Although the listing below holds pictures, reproduce only its lines from the one containing "LNA Women Cropped" through the last, exactly and without them.
▬▬▬
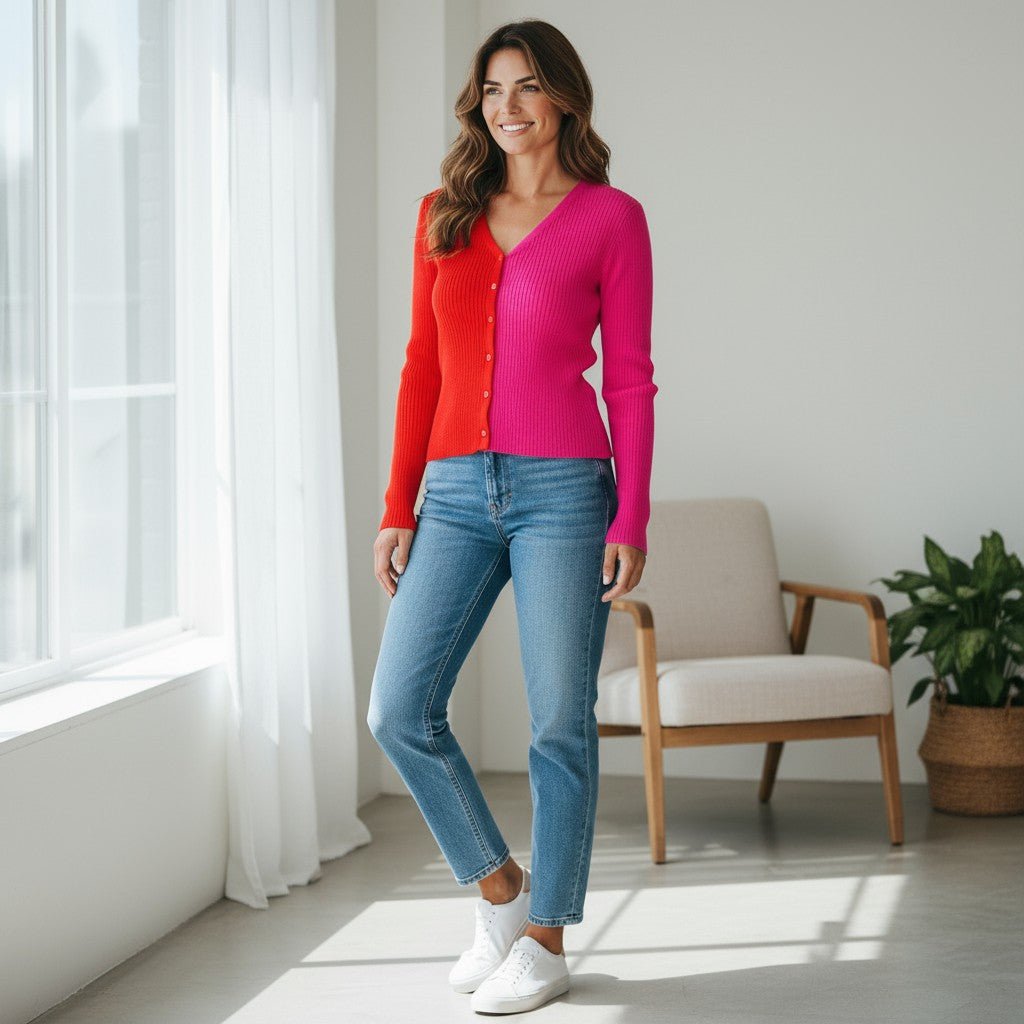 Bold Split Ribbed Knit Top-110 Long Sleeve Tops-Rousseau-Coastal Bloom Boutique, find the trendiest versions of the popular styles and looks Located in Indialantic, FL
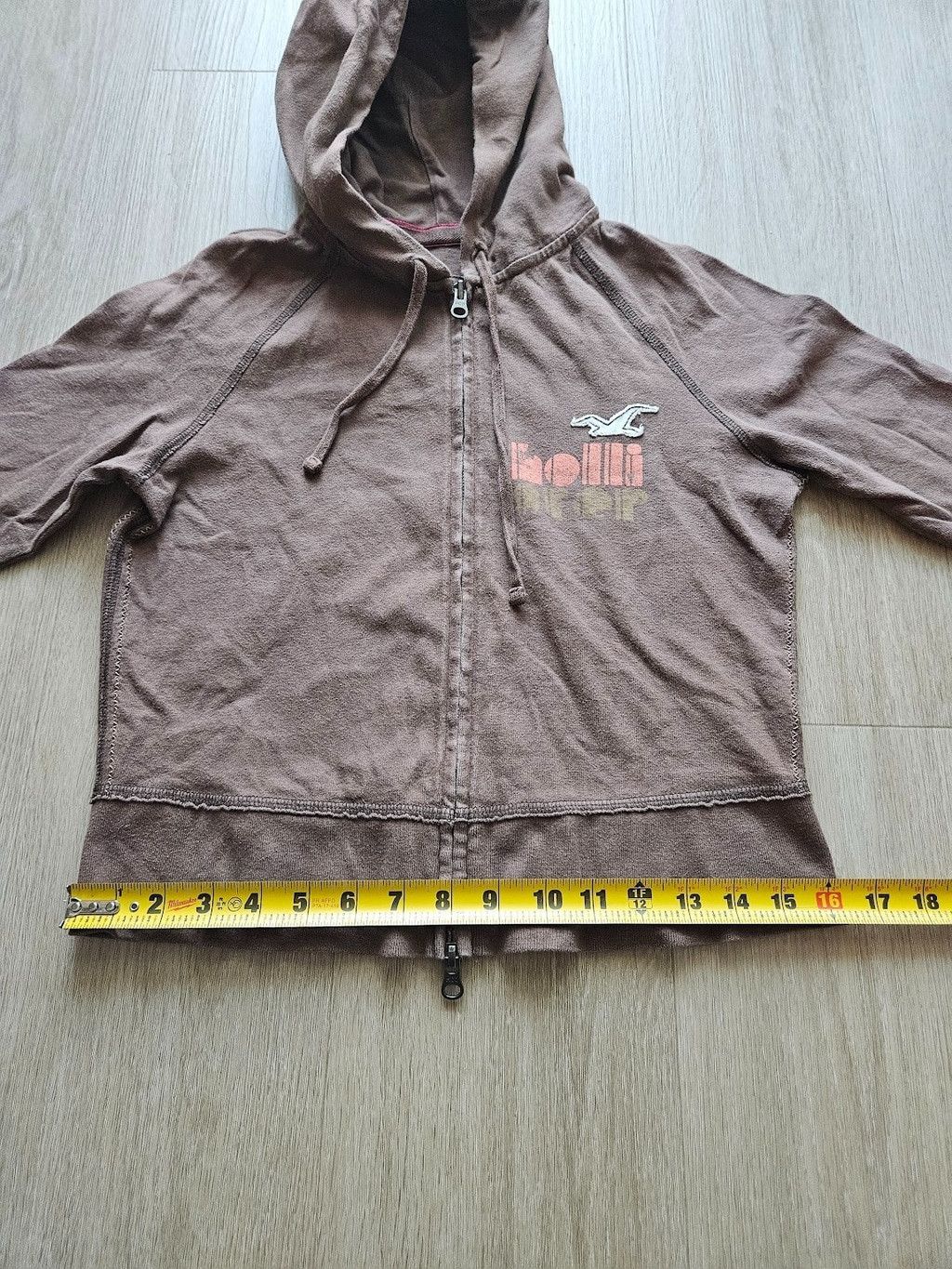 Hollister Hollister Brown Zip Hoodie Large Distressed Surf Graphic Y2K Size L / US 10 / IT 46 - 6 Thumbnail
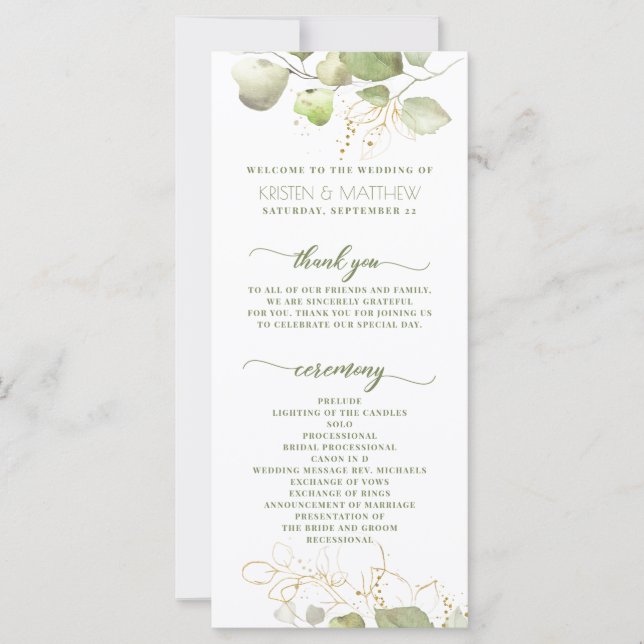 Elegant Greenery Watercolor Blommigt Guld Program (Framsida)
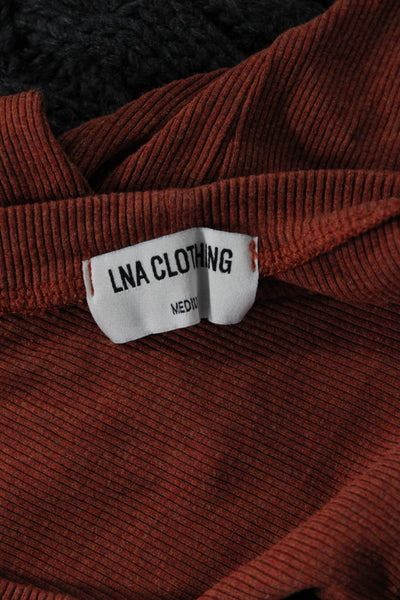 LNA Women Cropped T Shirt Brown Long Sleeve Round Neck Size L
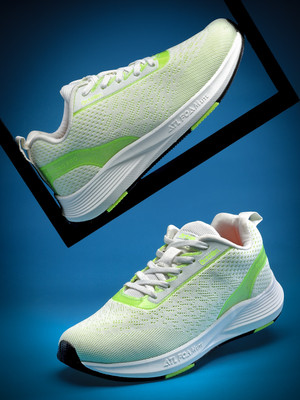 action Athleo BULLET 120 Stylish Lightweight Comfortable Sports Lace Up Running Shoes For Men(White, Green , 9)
▬▬▬
ANSWER SPACE:
 LNA Women Cropped T Shirt Brown Long Sleeve Round Neck Size L
 action Athleo BULLET 120 Stylish Lightweight Comfortable Sports Lace Up Running Shoes For Men(White, Green , 9)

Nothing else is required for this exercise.